Brasília (DF) – O deputado federal Fred Linhares (Republicanos-DF) apresentou o Projeto de Lei 239/2026 que busca endurecer a punição para o crime de omissão de socorro, com foco especial em situações onde a violência é filmada, mas nenhuma ajuda é prestada à vítima. A proposta surge em um momento de grande debate social sobre a responsabilidade de testemunhas que, em vez de intervirem ou chamarem as autoridades, optam por registrar agressões com seus celulares.
A inspiração para a medida legislativa está diretamente ligada a um caso trágico que chocou o país. Em 23 de janeiro de 2026, o adolescente Rodrigo Castanheira, de 16 anos, foi brutalmente espancado na porta de um condomínio em Vicente Pires, região administrativa do DF. A agressão, motivada por uma discussão banal sobre um chiclete, foi filmada por diversas pessoas presentes no local. Rodrigo sofreu traumatismo craniano, passou 16 dias em coma e teve sua morte cerebral confirmada no último dia 07 de fevereiro.

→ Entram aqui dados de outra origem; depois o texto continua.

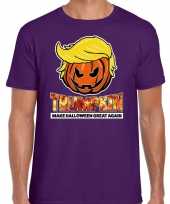 Trumpkin make halloween great again t-shirt paars voor heren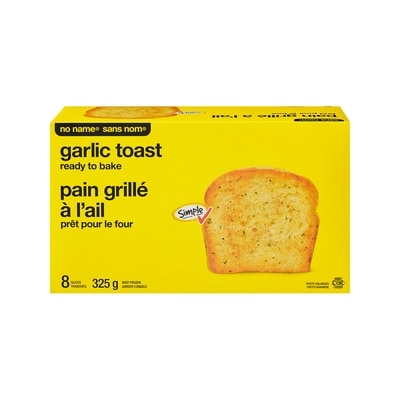 No Name Ready to Bake Sliced Garlic Toast 325 g, $1.01/100g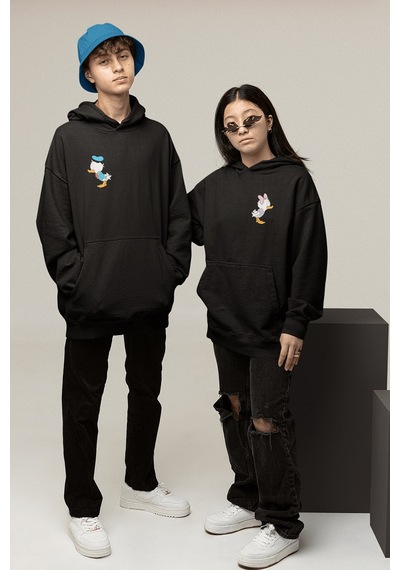 Mini Daisy Ve Donald Duck Sevgili/çift/arkadaşlık 2'li Kapşonlu Sweatshirt Seti 001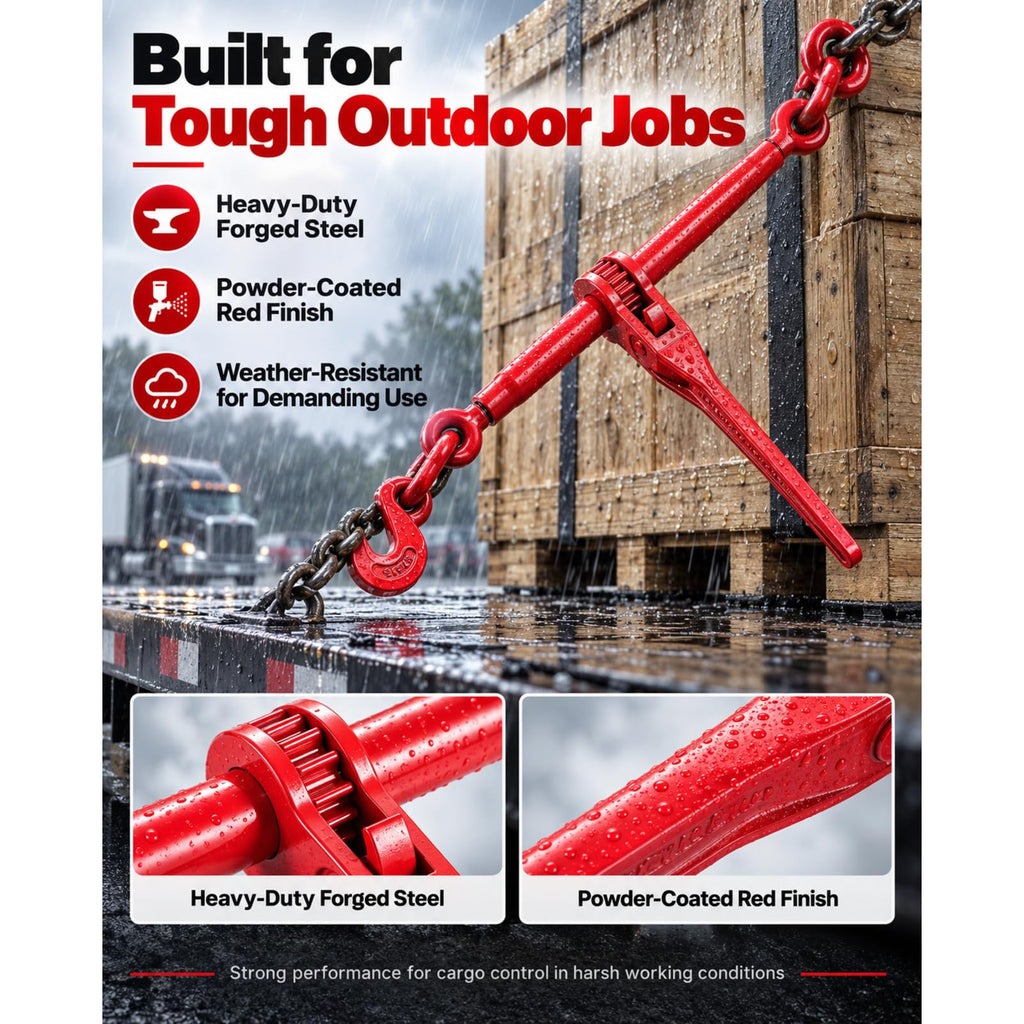 Double-Hook Load Binder for Manual Cargo Chain Tensioning, Spec B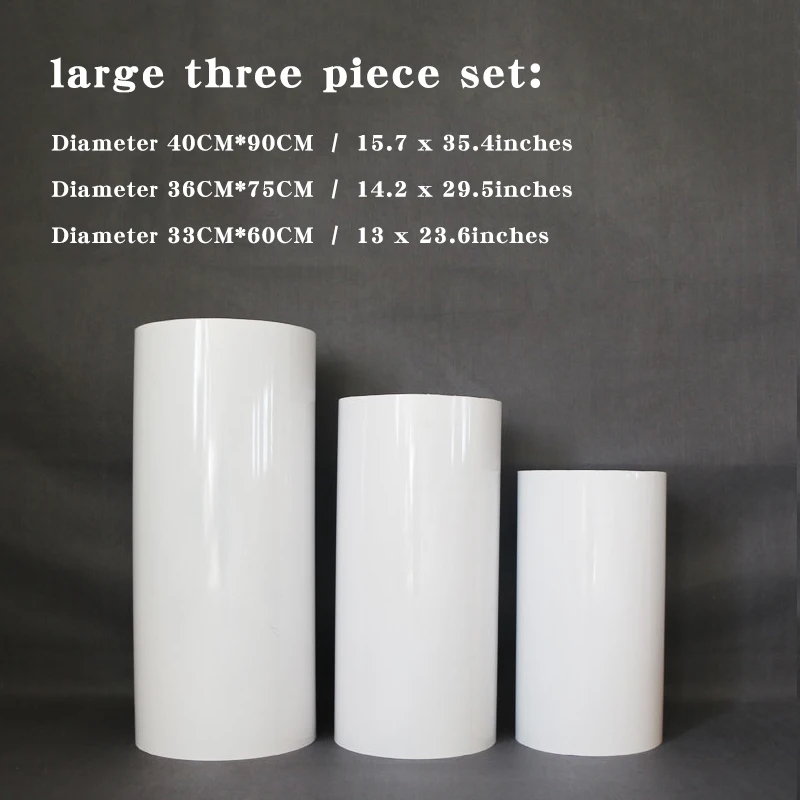 Hot 3/5pcs Ronde Cilinder Voetstuk Display Wit Goud Art Decor Cake Stand Plinten Pijlers voor DIY bruiloft Decoraties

O texto propõe alterar o artigo 135 do Código Penal, criando uma forma qualificada para o crime de omissão de socorro quando a vítima for criança ou adolescente. A pena seria de reclusão de 1 a 4 anos e multa para quem, tendo condições de ajudar ou acionar as autoridades, se omita dolosamente. A proposta mira circunstâncias específicas, como a omissão que ocorre na presença de outras pessoas que também poderiam ajudar, evidenciando uma “indiferença consciente”, e também quando há registro em vídeo ou foto da situação de perigo sem que nenhuma providência de socorro seja tomada.

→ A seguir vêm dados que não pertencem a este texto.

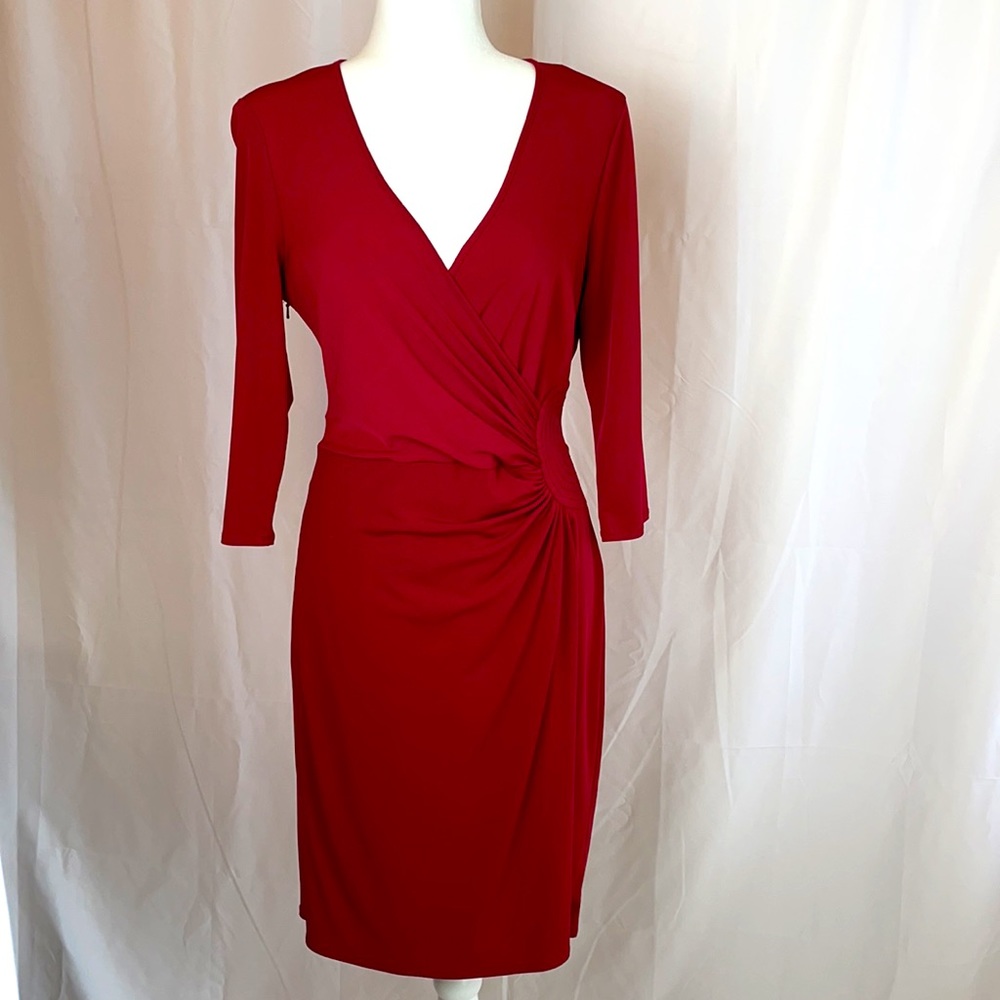 Red Dress with 3/4 sleeves Size 8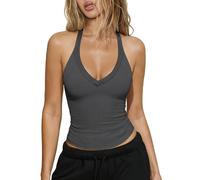Hragc Womens Tank Tops Summer V Neck Workout Racerback Yoga Gym Exercise Tank Tops, Dark Grey, M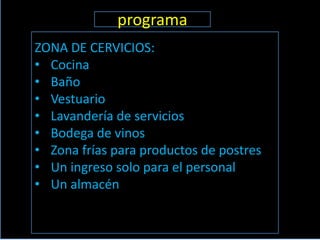 programa
ZONA DE CERVICIOS:
• Cocina
• Baño
• Vestuario
• Lavandería de servicios
• Bodega de vinos
• Zona frías para productos de postres
• Un ingreso solo para el personal
• Un almacén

O parlamentar justificou que, “é inaceitável que, diante do sofrimento de uma criança ou adolescente, adultos optem pela inércia, muitas vezes filmando a cena em vez de prestar auxílio”, e classifica essa conduta como “violência por omissão” e uma afronta direta ao dever de proteção integral previsto na Constituição Federal.
Fred Linhares enfatizou que o projeto busca combater a “cultura da filmagem”, que transforma a violência em espetáculo e estimula a indiferença coletiva. “O projeto de lei ora em análise busca enfrentar de forma direta a chamada ‘cultura da filmagem’, que transforma a violência em espetáculo e estimula a indiferença coletiva, ou no conceito da psicologia, a ‘difusão de responsabilidade’, onde indivíduos acreditam que não precisam agir porque outros tomarão a iniciativa”, explicou.

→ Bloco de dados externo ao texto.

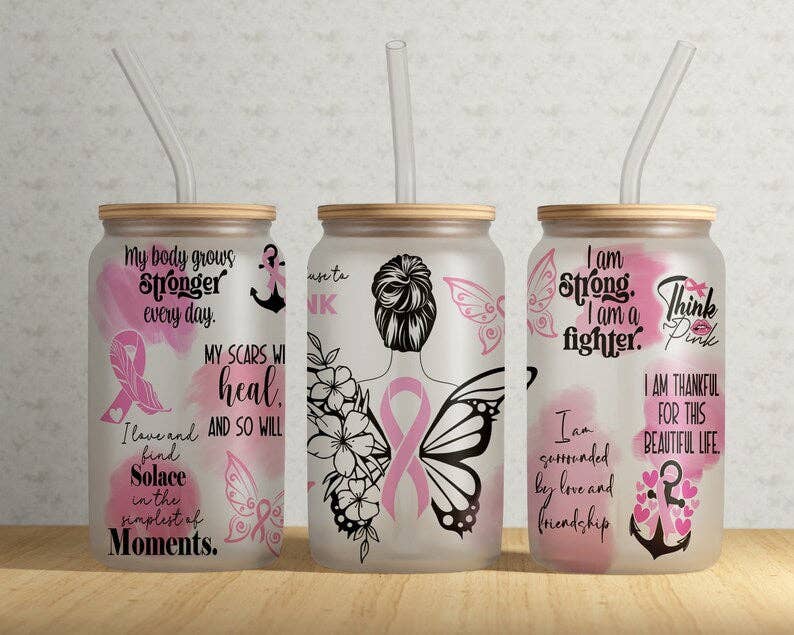 π Pink Ribbon Warrior 16 oz Libby Glass Tumbler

Por fim, o deputado também ressaltou a importância da responsabilidade individual: “Quem pode agir e escolhe não agir assume responsabilidade penal. O Estado não pode tolerar a covardia travestida de neutralidade”. Na visão dele, a aprovação da norma reforçará a segurança pública e protegerá os mais vulneráveis. “Defendemos que ao criar forma qualificada do crime de omissão de socorro, com pena compatível com a gravidade da conduta, a proposição reforça a segurança pública, protege as vítimas mais vulneráveis e transmite mensagem inequívoca: omitir-se diante da violência contra criança também é crime”, concluiu.
Após ser protocolado, o projeto aguarda despacho da Mesa Diretora da Câmara dos Deputados para saber em quais comissões vai tramitar.